• **WHAT THE TASK REQUIRES**
Any pictures in the records below must be left out when you repeat the lines from the line containing "Remember, it's important" through the line containing "A regular polygon —" exactly.

• **SOURCE DATA**
Content starts

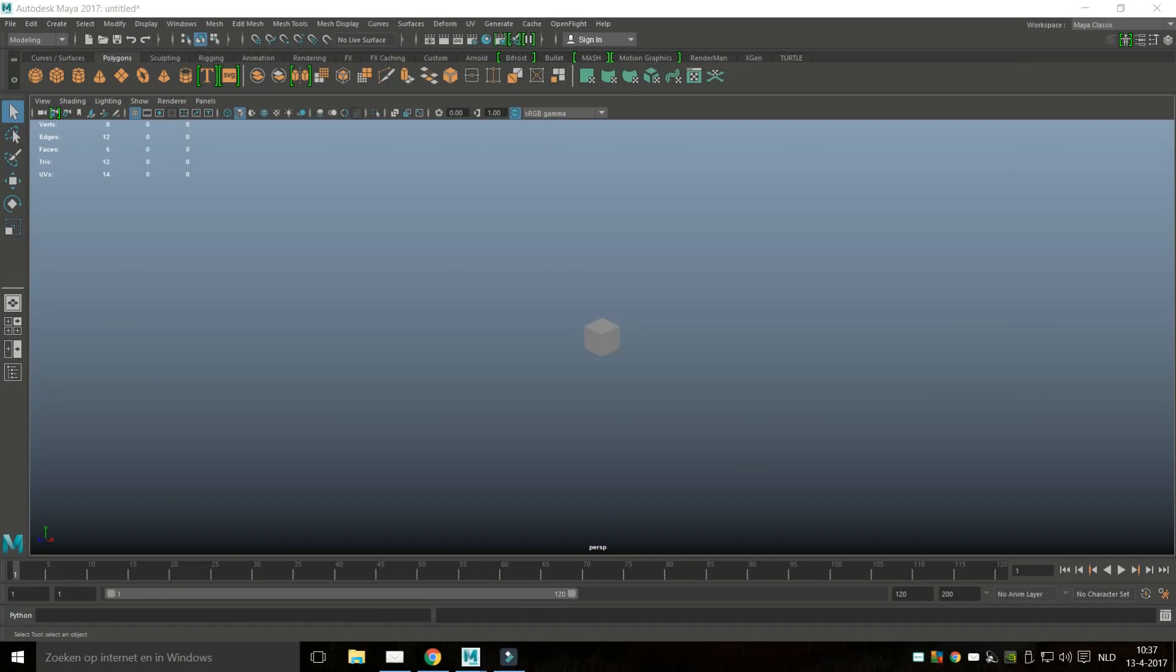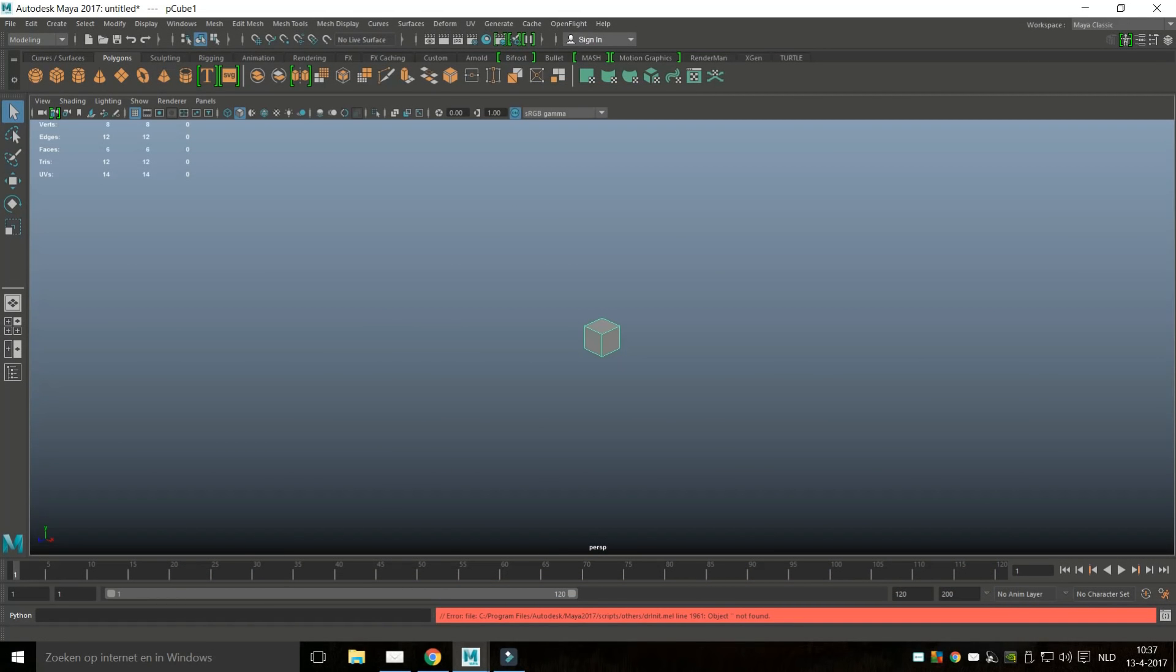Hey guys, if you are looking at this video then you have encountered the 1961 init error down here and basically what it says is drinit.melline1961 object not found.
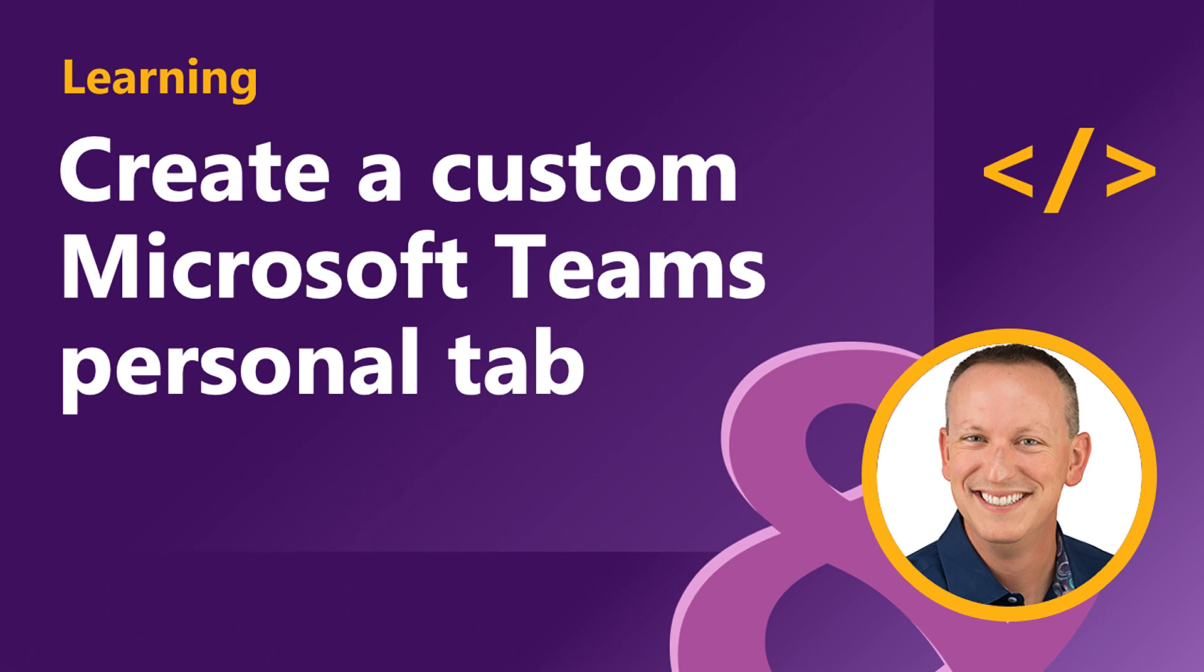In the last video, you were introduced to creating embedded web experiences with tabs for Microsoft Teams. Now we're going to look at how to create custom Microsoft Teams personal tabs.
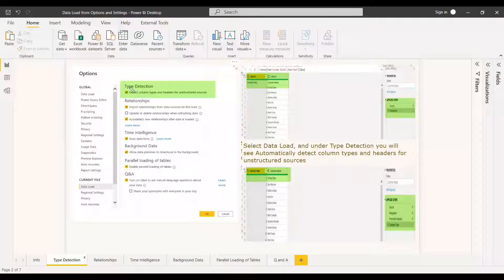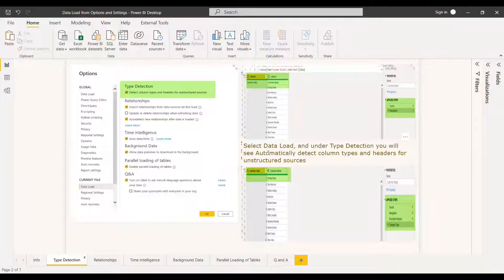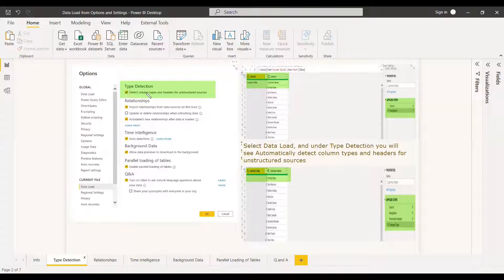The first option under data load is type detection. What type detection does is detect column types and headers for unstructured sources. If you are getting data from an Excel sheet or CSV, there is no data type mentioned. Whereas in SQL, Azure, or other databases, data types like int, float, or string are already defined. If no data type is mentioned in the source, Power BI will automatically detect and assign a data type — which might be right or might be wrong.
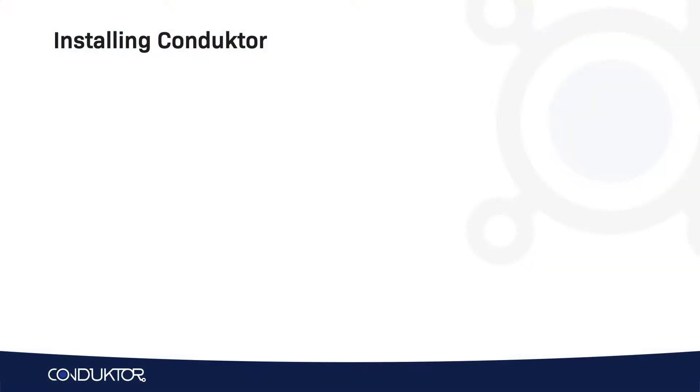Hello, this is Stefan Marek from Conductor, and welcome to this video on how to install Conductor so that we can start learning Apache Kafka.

Content ends
Content starts

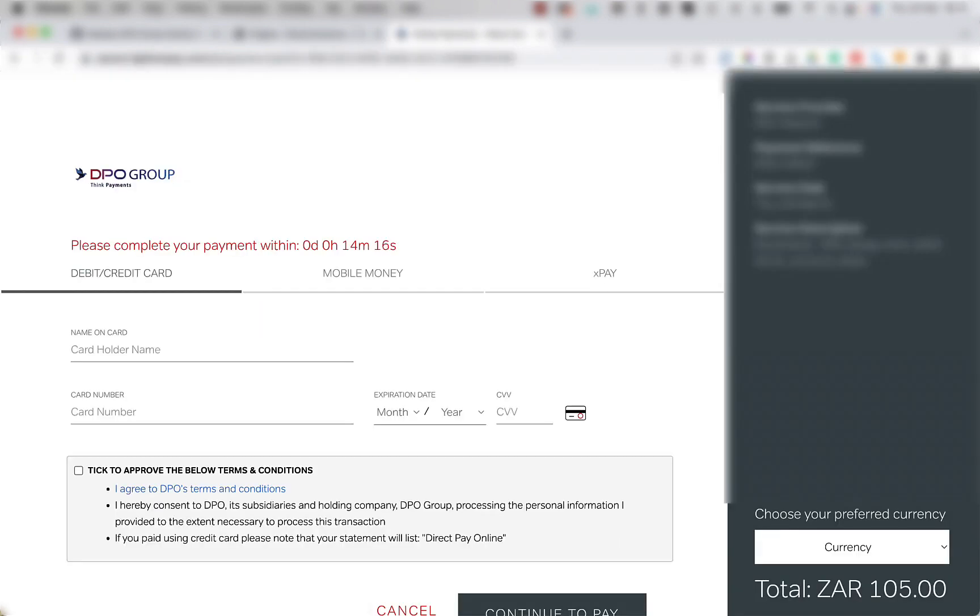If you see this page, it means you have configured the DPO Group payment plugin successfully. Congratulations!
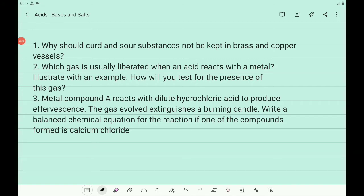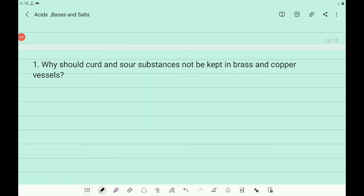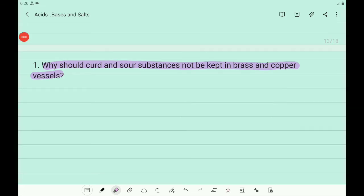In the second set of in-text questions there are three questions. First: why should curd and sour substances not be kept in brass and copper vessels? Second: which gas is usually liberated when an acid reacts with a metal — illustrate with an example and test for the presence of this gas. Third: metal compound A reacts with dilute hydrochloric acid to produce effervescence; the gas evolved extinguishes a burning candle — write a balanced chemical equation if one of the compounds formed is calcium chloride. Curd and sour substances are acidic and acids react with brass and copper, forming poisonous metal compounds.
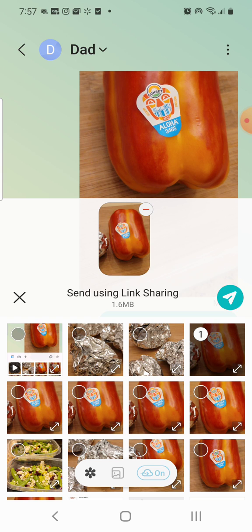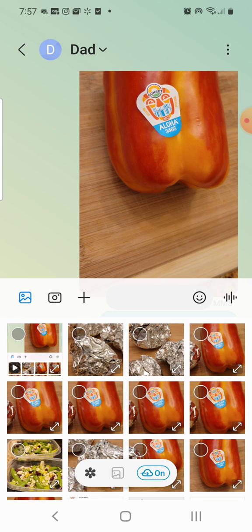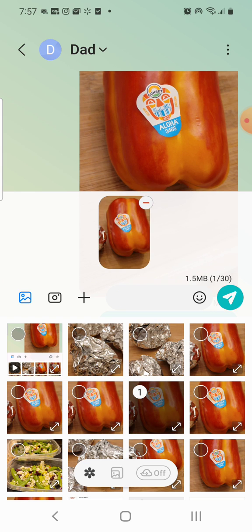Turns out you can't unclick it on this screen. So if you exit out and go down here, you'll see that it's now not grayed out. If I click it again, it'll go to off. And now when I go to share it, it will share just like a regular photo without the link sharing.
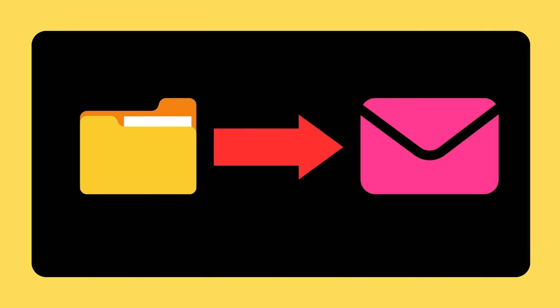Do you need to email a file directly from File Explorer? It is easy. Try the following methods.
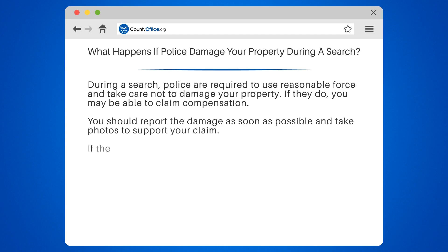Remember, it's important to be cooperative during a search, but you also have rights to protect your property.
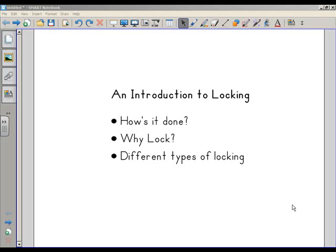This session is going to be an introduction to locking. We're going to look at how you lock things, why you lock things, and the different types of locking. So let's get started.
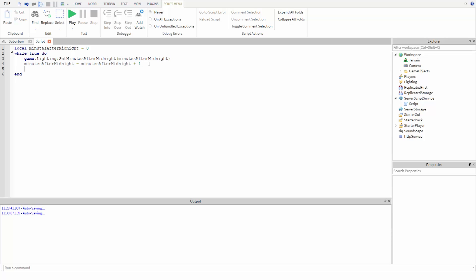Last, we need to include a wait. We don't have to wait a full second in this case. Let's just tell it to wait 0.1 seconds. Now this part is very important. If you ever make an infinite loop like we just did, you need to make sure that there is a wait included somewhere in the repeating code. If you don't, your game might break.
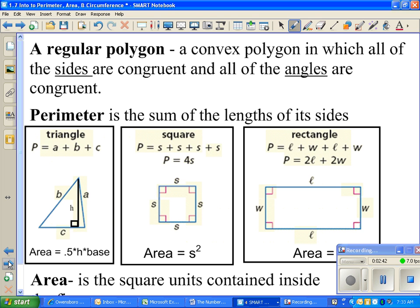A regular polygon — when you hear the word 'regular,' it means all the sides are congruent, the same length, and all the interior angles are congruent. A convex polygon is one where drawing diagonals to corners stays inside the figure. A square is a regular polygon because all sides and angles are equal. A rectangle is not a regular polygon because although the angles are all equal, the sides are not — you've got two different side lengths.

Content ends
Content starts

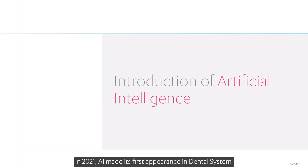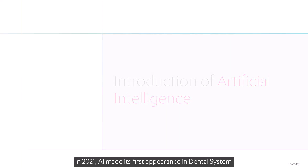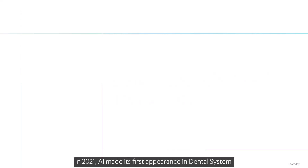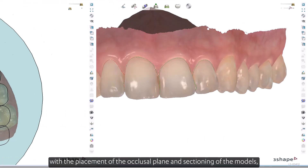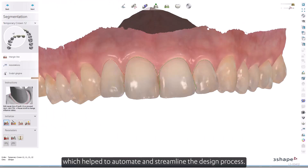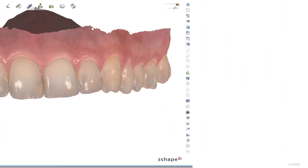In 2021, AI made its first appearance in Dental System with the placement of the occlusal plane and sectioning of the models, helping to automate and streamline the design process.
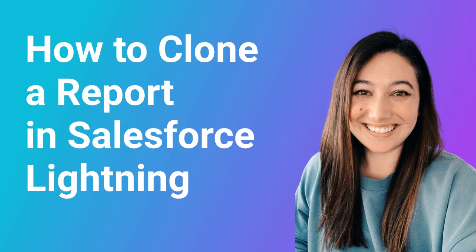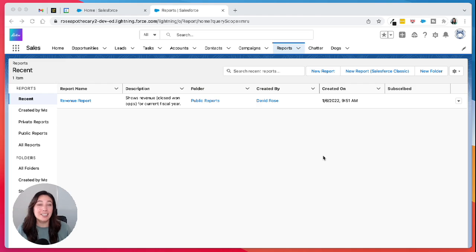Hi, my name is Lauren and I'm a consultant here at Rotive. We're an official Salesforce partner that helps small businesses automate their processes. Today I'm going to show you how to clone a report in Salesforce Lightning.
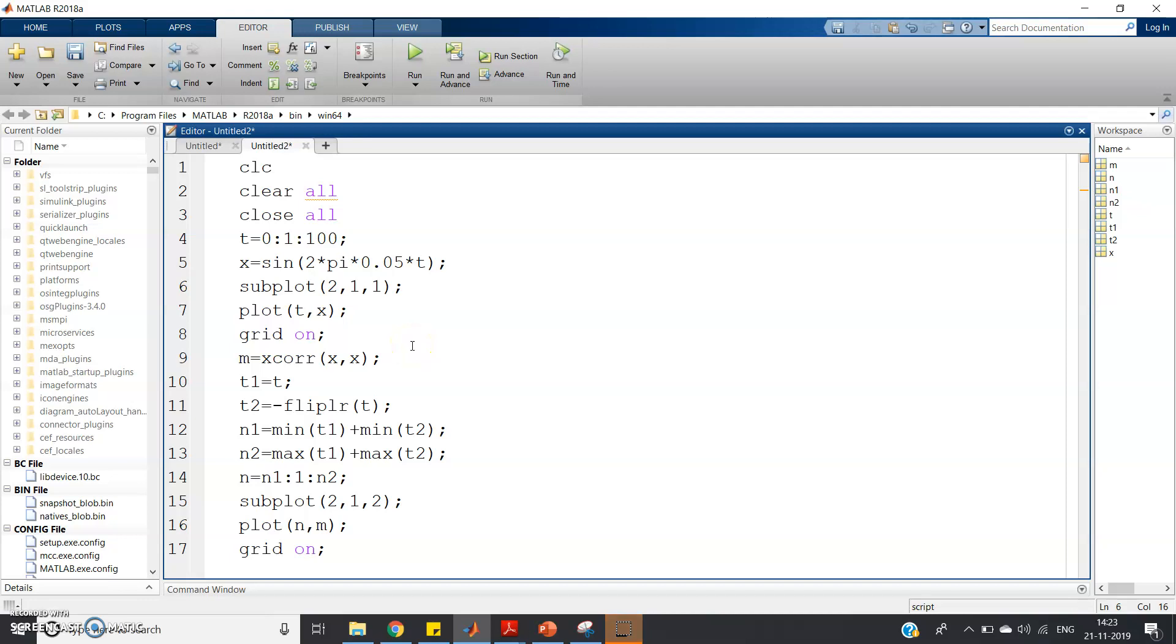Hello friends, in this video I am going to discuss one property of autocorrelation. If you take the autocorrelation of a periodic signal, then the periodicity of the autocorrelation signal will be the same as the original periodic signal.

Content ends

• **EXPECTED OUTPUT**
Remember, it's important to be cooperative during a search, but you also have rights to protect your property.
This session is going to be an introduction to locking. We're going to look at how you lock things, why you lock things, and the different types of locking. So let's get started.
Last, we need to include a wait. We don't have to wait a full second in this case. Let's just tell it to wait 0.1 seconds. Now this part is very important. If you ever make an infinite loop like we just did, you need to make sure that there is a wait included somewhere in the repeating code. If you don't, your game might break.
A regular polygon — when you hear the word 'regular,' it means all the sides are congruent, the same length, and all the interior angles are congruent. A convex polygon is one where drawing diagonals to corners stays inside the figure. A square is a regular polygon because all sides and angles are equal. A rectangle is not a regular polygon because although the angles are all equal, the sides are not — you've got two different side lengths.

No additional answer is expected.